Raw data:
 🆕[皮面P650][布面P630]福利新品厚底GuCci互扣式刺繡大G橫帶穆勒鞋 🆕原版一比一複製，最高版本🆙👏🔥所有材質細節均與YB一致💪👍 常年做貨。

---

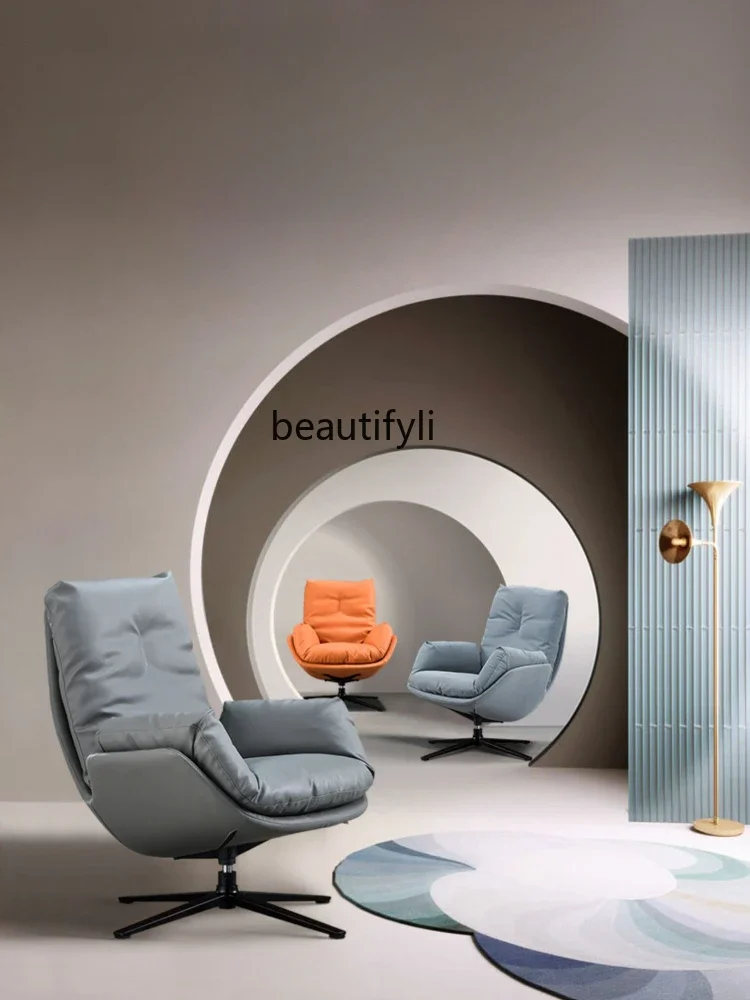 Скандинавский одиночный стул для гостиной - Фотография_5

==

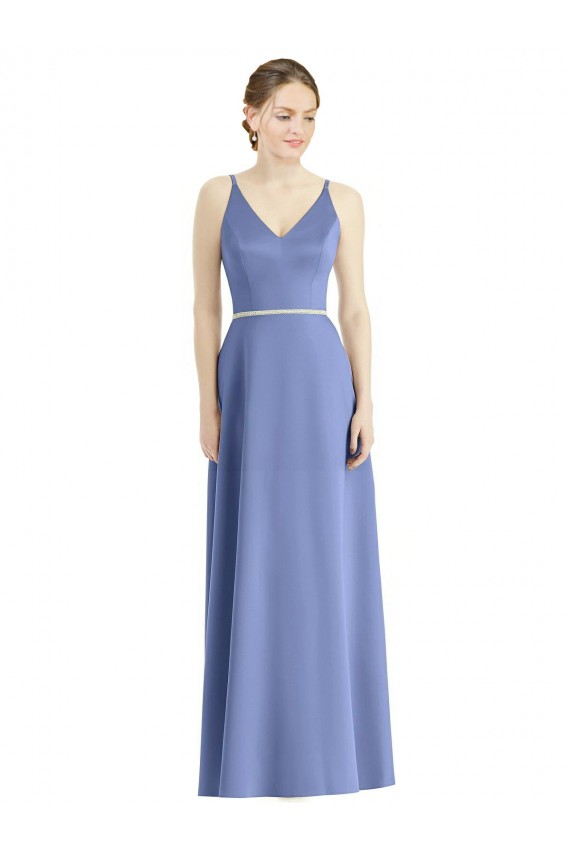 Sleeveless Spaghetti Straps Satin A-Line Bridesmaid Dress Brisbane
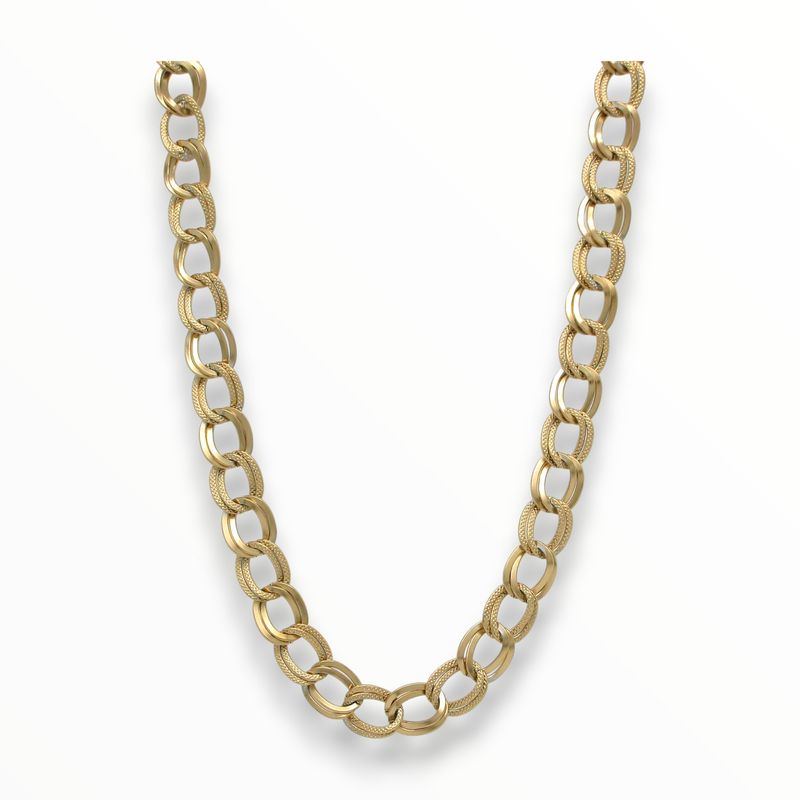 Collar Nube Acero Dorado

About this exercise: Look through the listing above for the line with "Sleeveless Spaghetti Straps" and the line with "Collar Nube Acero Dorado". Write out exactly those lines and everything between, leaving out pictures.

Solved problem:
 Sleeveless Spaghetti Straps Satin A-Line Bridesmaid Dress Brisbane
 Collar Nube Acero Dorado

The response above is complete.